Extrinsic Dexterity: In-hand Manipulation with External Forces
Nikhil Chavan-Dafle, Alberto Rodriguez, Robert Paolini, and 7 more authors
In-hand manipulation is the ability to reposition an object in the hand, for example when adjusting the grasp of a hammer before hammering a nail. The common approach to in-hand manipulation with robotic hands, known as dexterous manipulation [1], is to hold an object within the fingertips of the hand and wiggle the fingers, or walk them along the object’s surface. Dexterous manipulation, however, is just one of the many techniques available to the robot. The robot can also roll the object in the hand by using gravity, or adjust the object’s pose by pressing it against a surface, or if fast enough, it can even toss the object in the air and catch it in a different pose. All these techniques have one thing in common: they rely on resources extrinsic to the hand, either gravity, external contacts or dynamic arm motions. We refer to them as “extrinsic dexterity”. In this paper we study extrinsic dexterity in the context of regrasp operations, for example when switching from a power to a precision grasp, and we demonstrate that even simple grippers are capable of ample in-hand manipulation.
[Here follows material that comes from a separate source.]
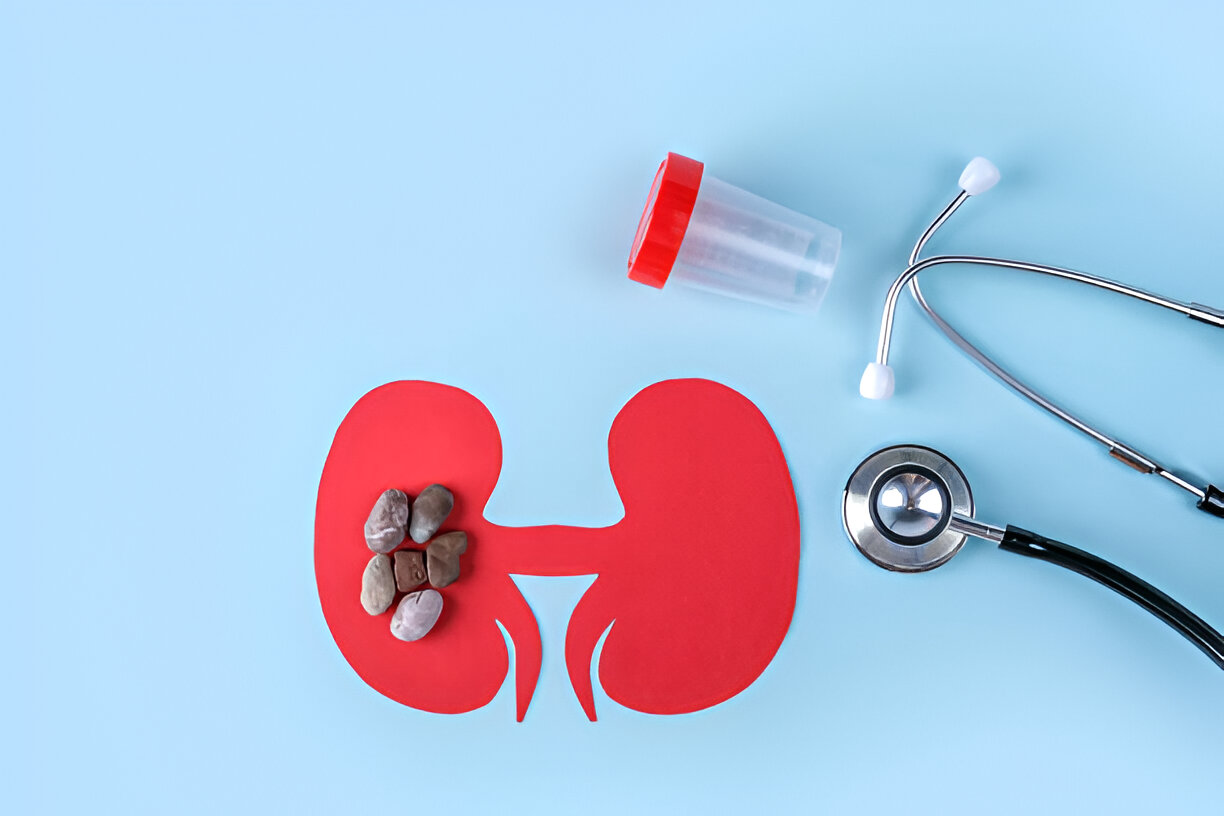 Kidney Stone Treatment & Prevention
We develop twelve regrasp actions, all open-loop and hand-scripted, and evaluate their effectiveness with over 1200 trials of regrasps and sequences of regrasps, for three different objects (see video [2]). The long-term goal of this work is to develop a general repertoire of these behaviors, and to understand how such a repertoire might eventually constitute a general-purpose in-hand manipulation capability.